One of the groups that answered the call was This is Texas Freedom Force (TITFF). All Things Crossroads Magazine caught up with Lamar Henry of Yorktown, one of the group volunteers, to hear about the clean-up operation that TITFF was involved with in Port Aransas and some of the other coastal towns.
Needing a base camp, Henry and several others with TITFF initially stayed in Ingleside and named their location Camp Delta. Due to the fact that only one ferry was operating for emergency personnel only, to get to Port Aransas TITFF and other teams helping with the clean-up had to go the long way to the island over Corpus Christi. This process ate up precious time in travel. The team settled in an area known as the Pioneer Beach Resort. “It was totally devastated.” Recalls Henry. “A lot of people didn’t pull their trailers out and it ripped them all to pieces.” The resort along with the whole of the coastal area sustained four and five foot waves, storm surges from 6 to 12 feet and 130 mph winds. Trailer houses and RVs did not stand a chance under such forces. TITFF’s first trip to the island was to take three pick-up trucks and a rental trailer full of supplies and begin the long clean-up process.
The second time they went to the island the team was able to move their Camp Delta to the location of the RV park. From here they could eliminate the long drive time to the island and devote more time to the clean-up operation. The team spent a total of eight days helping with the clean-up. The first four days were spent mainly doing manual labor, picking up logs, fence posts and debris of all sorts. When the team made their second trip to Port Aransas, the residents in the area knew the team as a hard-working, honest group of volunteers and allowed them to have free rein to do the work even giving them a front-end loader and a dump truck to help with the clean up. With this equipment, the crew was able to accomplish much more in the time that they were there, working from early morning until dark.

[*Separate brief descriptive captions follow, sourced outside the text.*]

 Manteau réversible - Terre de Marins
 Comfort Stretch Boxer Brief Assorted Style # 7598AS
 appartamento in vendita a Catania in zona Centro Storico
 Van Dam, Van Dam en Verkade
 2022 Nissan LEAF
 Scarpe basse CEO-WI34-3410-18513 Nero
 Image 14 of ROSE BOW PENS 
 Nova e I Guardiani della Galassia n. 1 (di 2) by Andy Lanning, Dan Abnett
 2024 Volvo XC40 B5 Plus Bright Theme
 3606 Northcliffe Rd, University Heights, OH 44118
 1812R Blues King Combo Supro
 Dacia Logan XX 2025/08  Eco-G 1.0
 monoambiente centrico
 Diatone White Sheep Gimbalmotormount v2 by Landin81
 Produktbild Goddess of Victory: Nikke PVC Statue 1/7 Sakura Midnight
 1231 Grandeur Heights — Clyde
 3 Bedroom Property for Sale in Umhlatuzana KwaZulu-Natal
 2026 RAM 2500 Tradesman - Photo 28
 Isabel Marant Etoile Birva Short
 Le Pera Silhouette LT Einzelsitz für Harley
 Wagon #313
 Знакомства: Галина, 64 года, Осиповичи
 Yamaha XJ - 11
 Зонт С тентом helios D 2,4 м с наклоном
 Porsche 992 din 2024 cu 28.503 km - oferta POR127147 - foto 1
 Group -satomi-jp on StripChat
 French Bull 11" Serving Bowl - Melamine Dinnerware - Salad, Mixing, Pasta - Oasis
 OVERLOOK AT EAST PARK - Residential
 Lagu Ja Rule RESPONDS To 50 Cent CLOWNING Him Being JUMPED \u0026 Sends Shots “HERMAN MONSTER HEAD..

When they first arrived on the island there were literally no telephone poles standing for miles. Debris was piled into big piles all over the island and in neighboring areas. Just the wood pile from the RV park that the team worked on was 75 feet long and 20 feet high. Henry is no stranger to hurricanes and tropical storms as he has experienced them all of his life. But when asked what his first response was to this devastation he replied, “Even then, I don’t think you ever quite get use to it. When you see damage in a small area, you may say that’s bad but when you look out across the countryside and everywhere you look it looks the same it’s stunning, it’s very stunning to look at.”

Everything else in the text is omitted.